Researchers evaluated the safety and efficacy of DRF in adults with relapsing-remitting MS in the 96-week, phase 3 open-label EVOLVE-MS-1 study, which was conducted from December 2015 to November 2021.
“MS is a complex and heterogenous disease, creating the need for a variety of treatment options to satisfy individual patient needs,” Monica Mann, vice president of medical affairs for global MS and pipeline at Biogen, told Healio. “The EVOLVE-MS-1 study offers providers and patients additional information about the safety, tolerability and efficacy of Vumerity as an oral treatment option for MS.”
Researchers enrolled 1,057 adults (mean age, 42.5 years; 72.1% women) with relapsing-remitting MS, of whom 464 rolled over after completing the EVOLVE-MS-2 trial, a randomized, blinded analysis of DRF or DMF over 5 weeks.
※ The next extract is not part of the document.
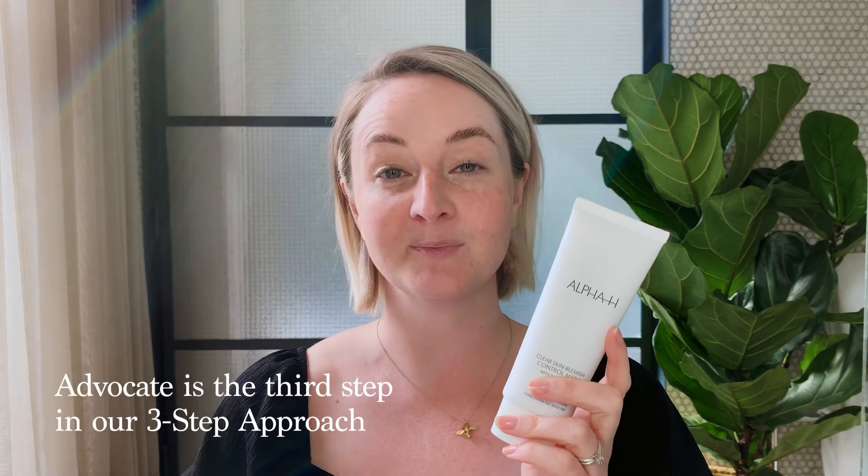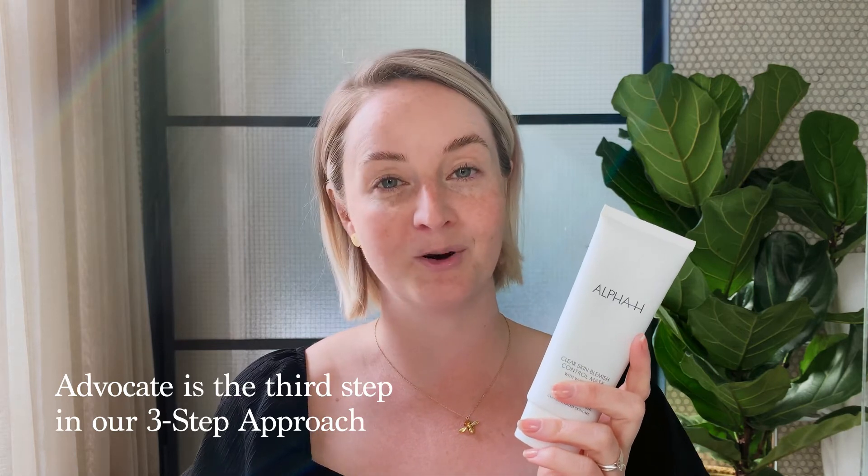Hello everyone, I'm Charlotte, Training and Education Manager here at Alpha H, and I'm going to show you how to use our Clear Skin Blemish Control Mask to advocate and care for your skin as part of step three in our three-step approach to skin health.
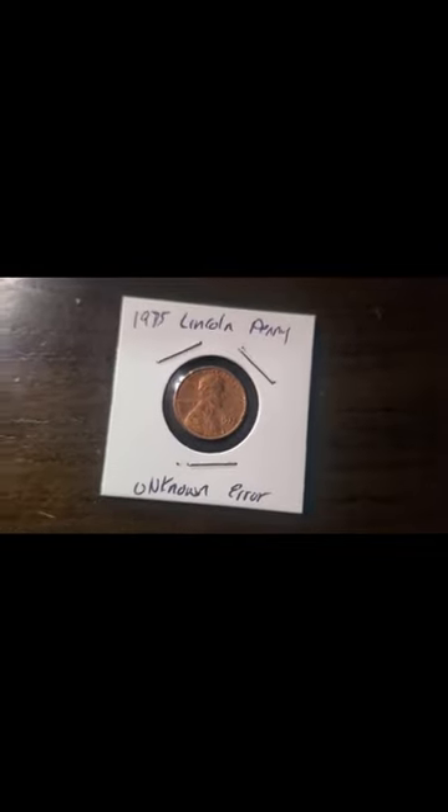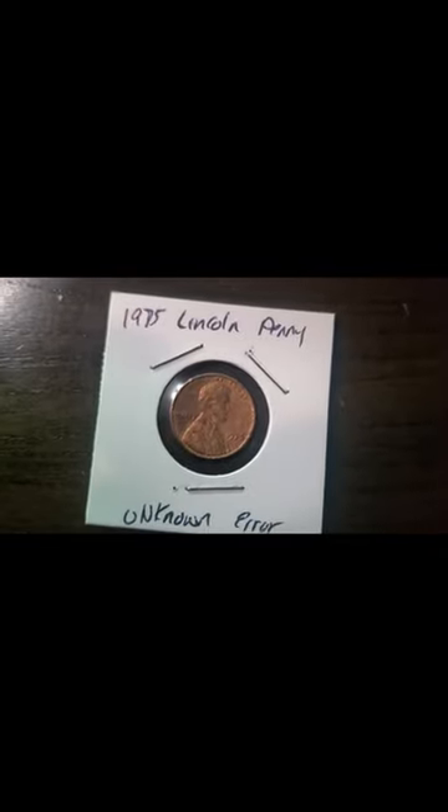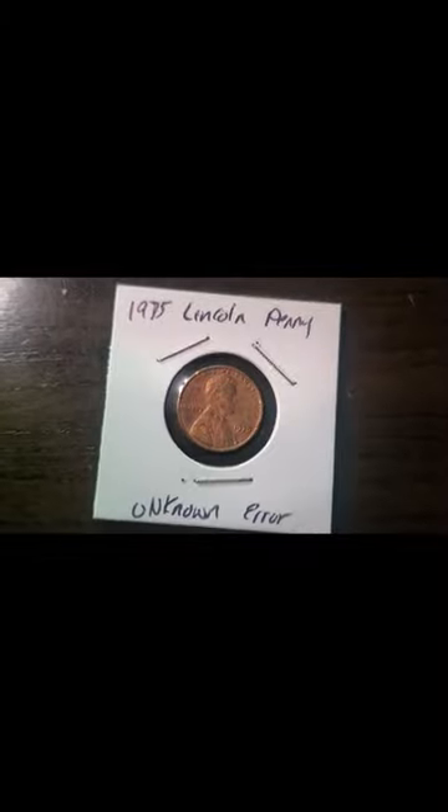Hello, my YouTube fam out there. As you can see, we're looking at a 1975 Lincoln penny with unknown errors, front and back. Let's go over to my big screen — look at the texture on this coin. It's not just over every bit of the front of it, but besides the damage that's been done to it, check out the back — the back is exactly the same.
Results showed that 241 patients discontinued DRF, with 85 doing so because of adverse events. Adverse events occurred in 938 patients, with most instances mild or moderate. GI events occurred in 337 patients (mean duration, 10 days), seven of whom discontinued the study. Flushing was reported in 288 patients (median duration, 12.5 days), with five patients discontinuing. Serious adverse events occurred in 123 patients with four recorded deaths, none of which were considered related to study treatment.
In addition, adjusted annualized relapse rate at week 96 was 0.13, with an estimated 82.4% of patients relapse-free, and 41.1% with no evidence of disease activity, according to the study. The mean number of gadolinium-enhancing (Gd+) lesions decreased from 1.1 at baseline to 0.3 at week 96 (72.7%). Further, 91.1% of patients were Gd+ lesion-free at week 96 compared with 70.4% at baseline. The mean number of new or newly enlarging T2 lesions was 2.1 from baseline to week 48 and 1.3 from week 48 to week 96.
“The final outcomes from EVOLVE-MS-1 further support Vumerity as an effective and well-tolerated treatment option in MS patients, including those who are newly diagnosed,” Mann told Healio.